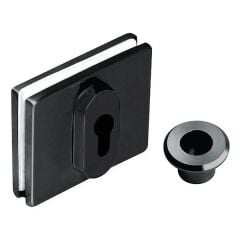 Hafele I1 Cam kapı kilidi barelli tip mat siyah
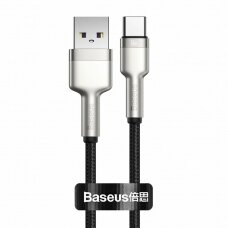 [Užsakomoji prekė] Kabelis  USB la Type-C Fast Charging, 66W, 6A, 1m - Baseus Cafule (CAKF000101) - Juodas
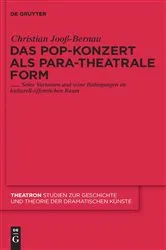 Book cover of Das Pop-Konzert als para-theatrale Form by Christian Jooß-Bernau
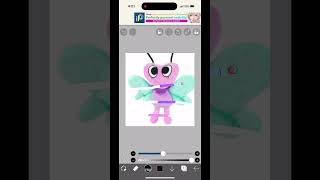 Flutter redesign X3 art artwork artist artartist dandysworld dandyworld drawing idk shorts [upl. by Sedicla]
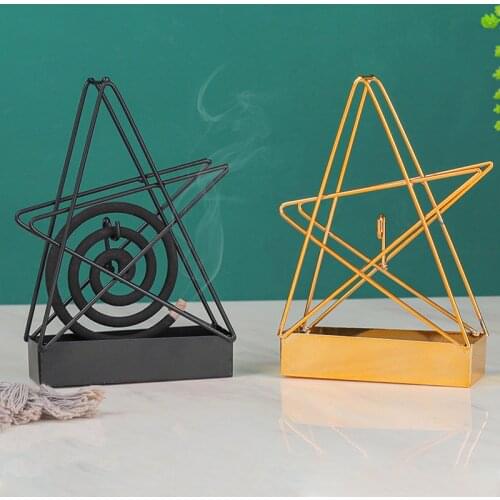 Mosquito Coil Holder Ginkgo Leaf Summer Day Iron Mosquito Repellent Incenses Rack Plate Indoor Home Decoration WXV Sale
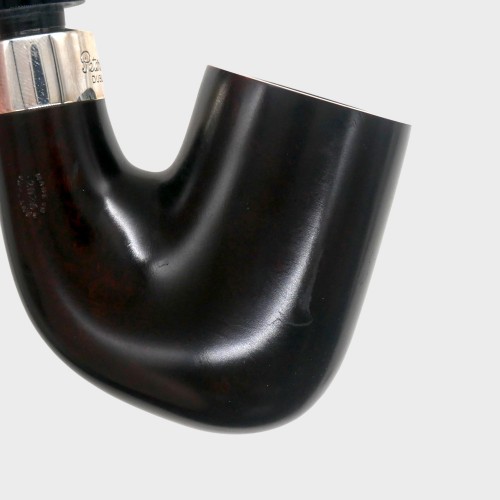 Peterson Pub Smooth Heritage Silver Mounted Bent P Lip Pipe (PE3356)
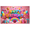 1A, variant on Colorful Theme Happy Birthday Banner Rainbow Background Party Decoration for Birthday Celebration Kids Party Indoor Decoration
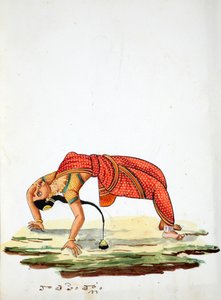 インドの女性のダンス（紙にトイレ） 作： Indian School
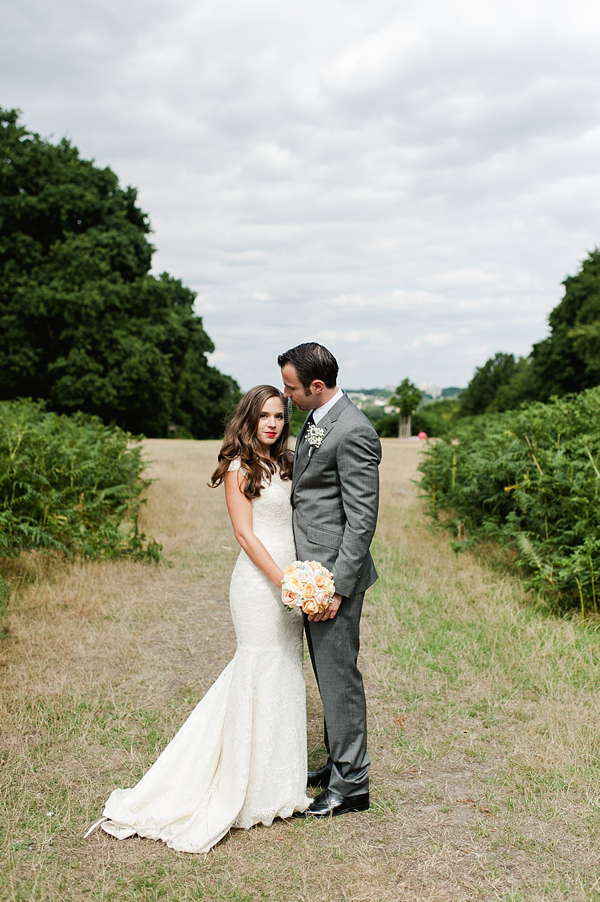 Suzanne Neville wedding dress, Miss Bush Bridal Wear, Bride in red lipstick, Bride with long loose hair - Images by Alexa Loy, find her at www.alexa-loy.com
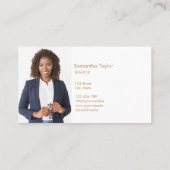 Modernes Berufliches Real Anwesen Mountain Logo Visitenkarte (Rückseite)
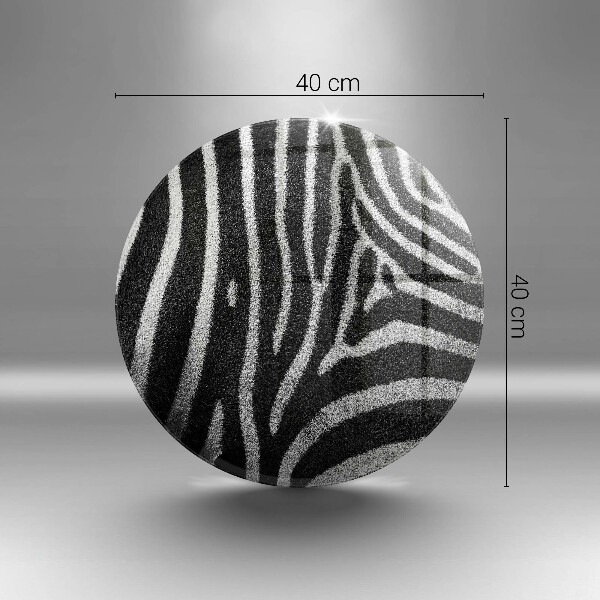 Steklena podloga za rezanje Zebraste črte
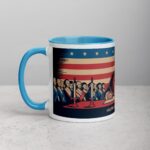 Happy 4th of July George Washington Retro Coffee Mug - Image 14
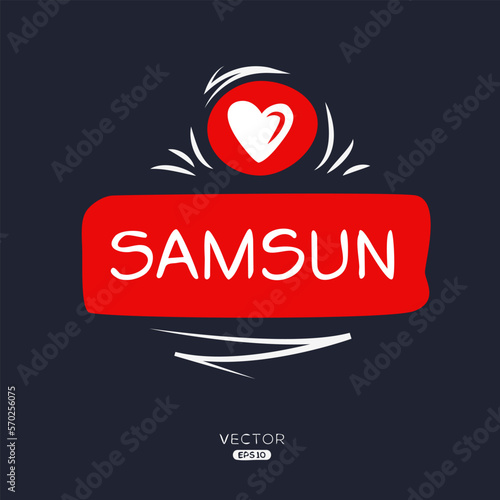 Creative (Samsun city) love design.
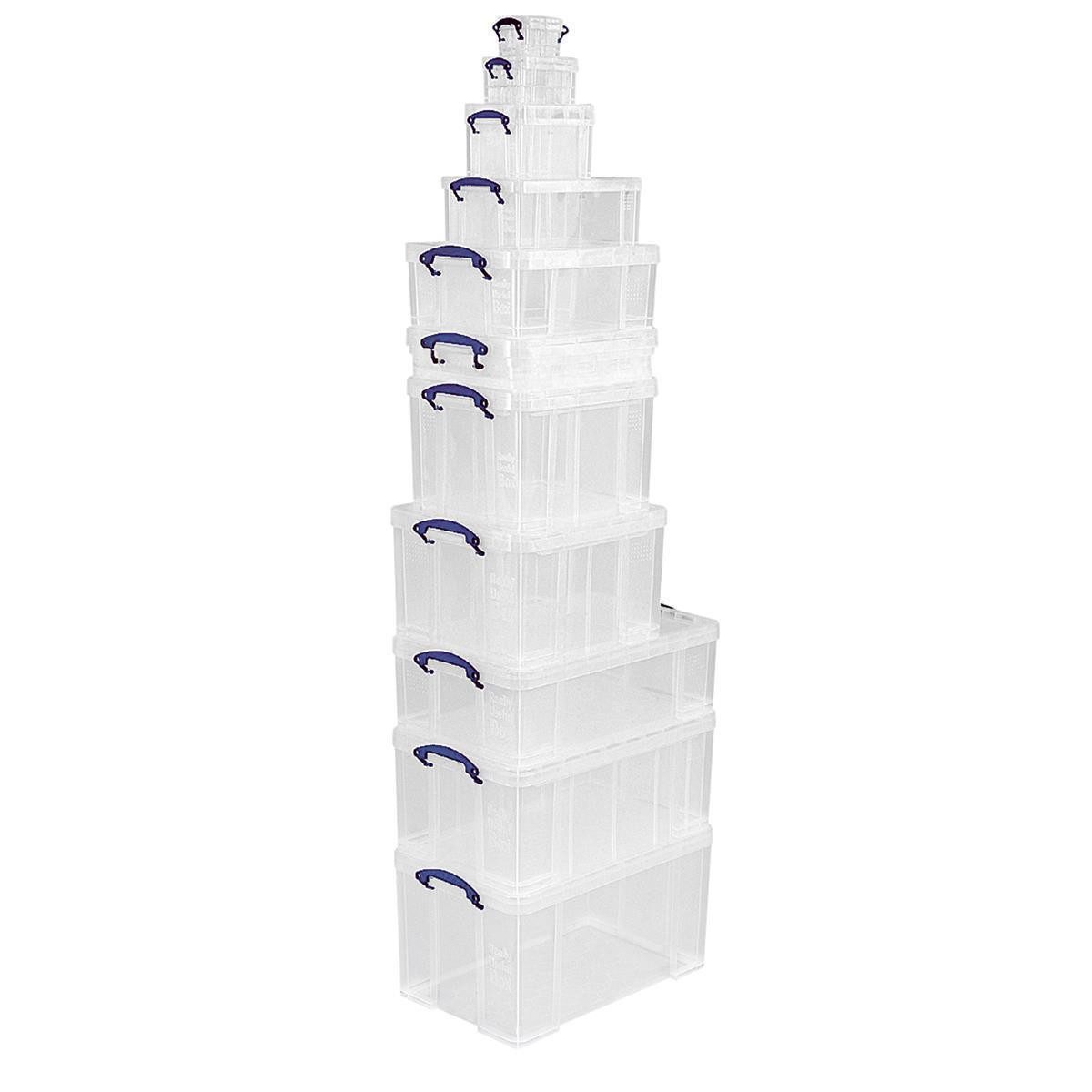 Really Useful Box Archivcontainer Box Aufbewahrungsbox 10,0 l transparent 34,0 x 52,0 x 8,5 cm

* * *

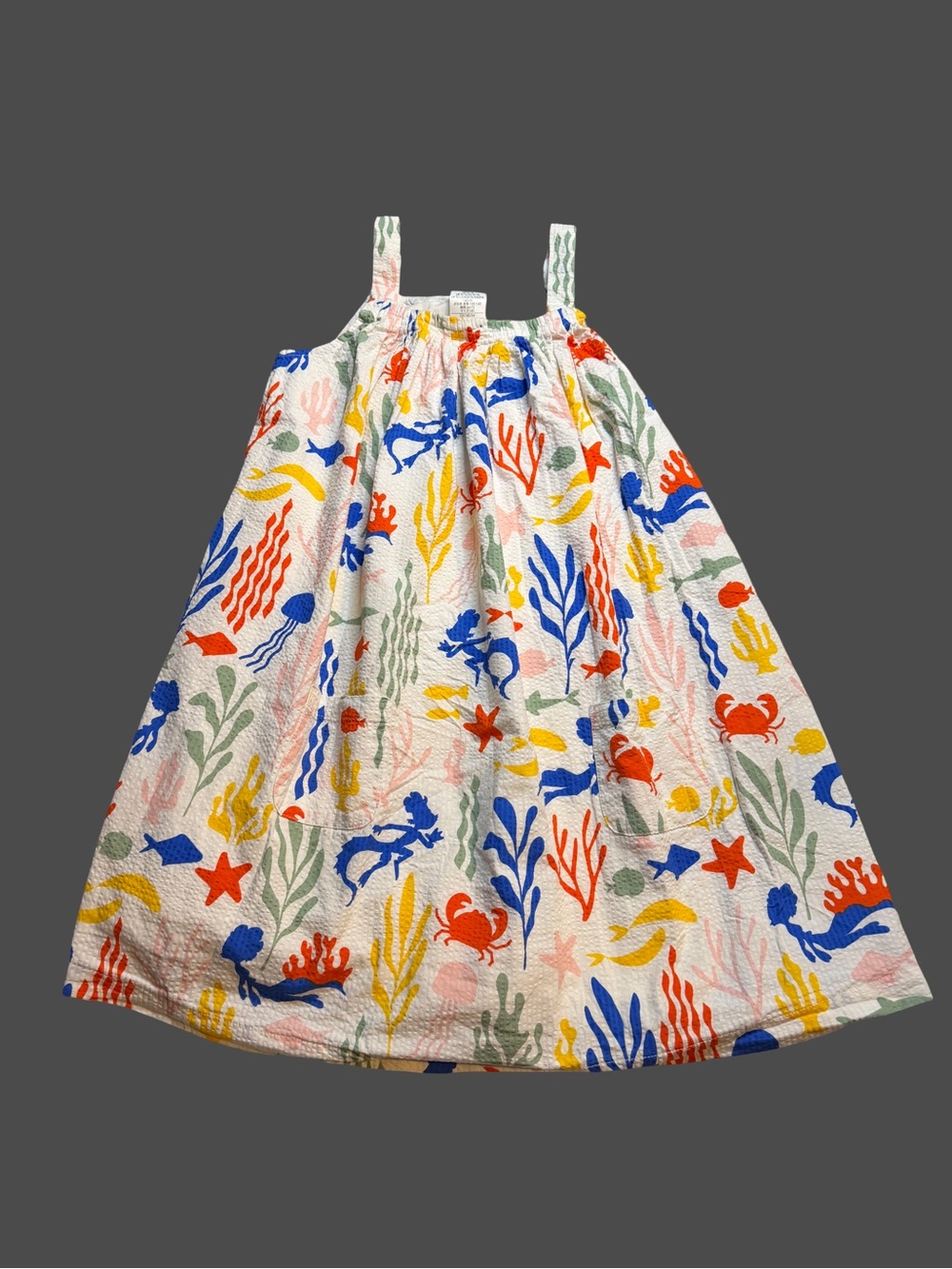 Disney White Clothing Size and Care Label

- **HOW TO COMPLETE THIS TASK**
Each line above starting at the one holding "Hafele I1 Cam" and ending at the one holding "Really Useful Box" should be set down exactly as it stands, both ends included, with no pictures.

- **TASK RESULT**
 Hafele I1 Cam kapı kilidi barelli tip mat siyah
 [Užsakomoji prekė] Kabelis  USB la Type-C Fast Charging, 66W, 6A, 1m - Baseus Cafule (CAKF000101) - Juodas
 Book cover of Das Pop-Konzert als para-theatrale Form by Christian Jooß-Bernau
 Flutter redesign X3 art artwork artist artartist dandysworld dandyworld drawing idk shorts [upl. by Sedicla]
 Mosquito Coil Holder Ginkgo Leaf Summer Day Iron Mosquito Repellent Incenses Rack Plate Indoor Home Decoration WXV Sale
 Peterson Pub Smooth Heritage Silver Mounted Bent P Lip Pipe (PE3356)
 1A, variant on Colorful Theme Happy Birthday Banner Rainbow Background Party Decoration for Birthday Celebration Kids Party Indoor Decoration
 インドの女性のダンス（紙にトイレ） 作： Indian School
 Suzanne Neville wedding dress, Miss Bush Bridal Wear, Bride in red lipstick, Bride with long loose hair - Images by Alexa Loy, find her at www.alexa-loy.com
 Modernes Berufliches Real Anwesen Mountain Logo Visitenkarte (Rückseite)
 Steklena podloga za rezanje Zebraste črte
 Happy 4th of July George Washington Retro Coffee Mug - Image 14
 Creative (Samsun city) love design.
 Really Useful Box Archivcontainer Box Aufbewahrungsbox 10,0 l transparent 34,0 x 52,0 x 8,5 cm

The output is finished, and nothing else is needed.